Homes in Christchurch's temporary earthquake villages will be comfortable and safe, contractors say.

The Department of Building and Housing announced on Thursday that 300 temporary homes would be placed in Linwood Park and Rawhiti Domain in New Brighton for people left homeless by the February quake.

Linwood resident Rose Castree said people would be disappointed when the temporary accommodation filled the park, but she realised that "wherever you put them someone will complain".

"Even 100 people is a heck of lot to put on there," she said.

Part of the park often turned into a swamp in winter, making it a questionable place to build houses, Castree said.

Several rugby and rugby league teams used the park and would have nowhere else to go if the village took over, she said.

Nathan Daniels, 15, Ben Paterson, 14, and Jesse Pihama, 14, were unsure about the park being converted into a village.

The three teenagers use the park for recreation and said losing the park would disappoint the community.

Des Smith, who walks through Linwood Park every day, said it was positive that the site was being used for temporary housing.

"They have got to have somewhere to go and wherever you set them up somebody is going to moan," he said. "It's just one of those things you have got to get on and do."

Mark Saunders, who has walked his dog Ronnie in Rawhiti Domain for the past six years, said he was disappointed there had been no public consultation about the temporary village.

"I'm not overly happy.
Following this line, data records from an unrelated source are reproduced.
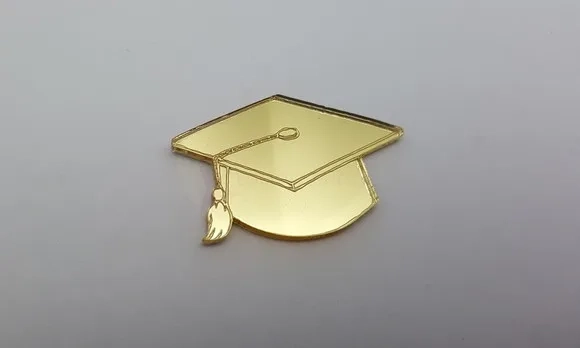 Aplique Capelo Acrílico Espelhado Dourado 2,3cm Pct C/10 Uni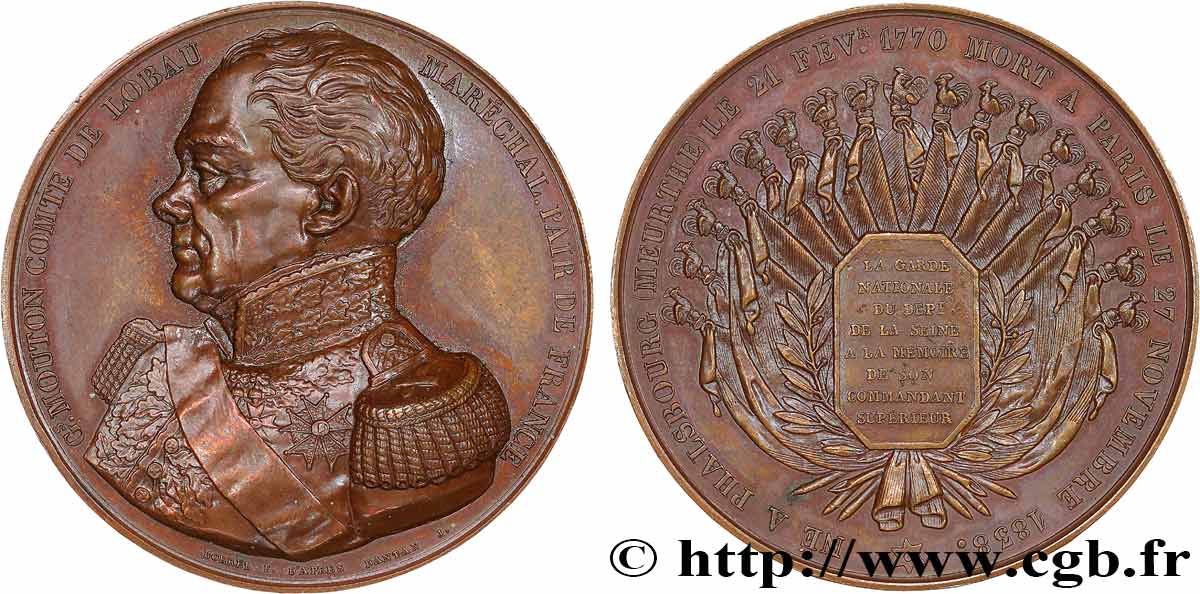 LOUIS-PHILIPPE I Médaille, Général Mouton, Comte de Lobau AU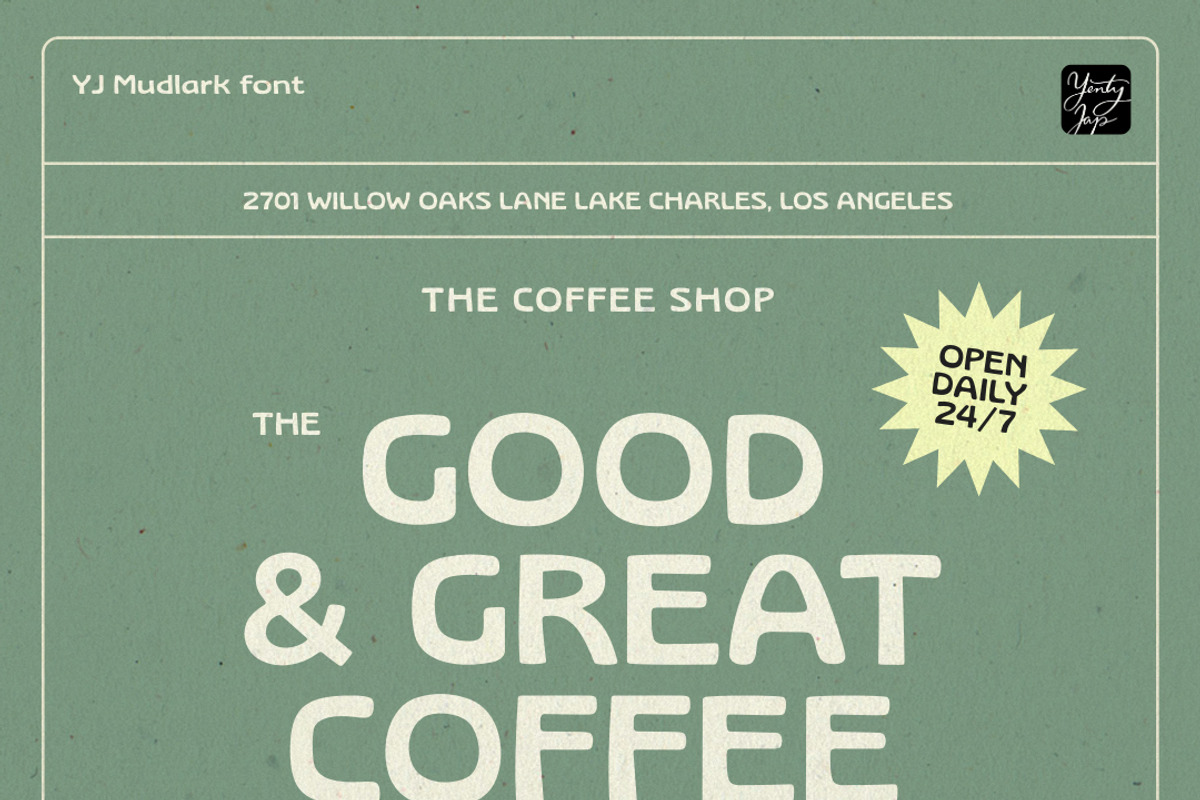 YJ Mudlark, a Sans Serif Font by YENTY JAP CO (Photo 10 of 13)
There was no warning and no consultation, but I guess they have got to go somewhere."

He said it was a "bit upsetting" to lose the park.

Hawkins South Island manager Quin Henderson met the department and other village contractors yesterday to discuss the villages.

Hawkins, with Spanbild and Fulton Hogan, will build and install about 200 homes in Linwood, New Brighton and Kaiapoi.

Henderson said they would be safe and comfortable.

"I think there is some fear that these are going to be refugee camps," he said.

The first show home would be built in Linwood Park early next month, with homes being ready a few weeks later, he said.

"If we can get the show home up and running, then people can see it and get some more confidence."

The department had told contractors that homes would not be built on sports grounds, he said.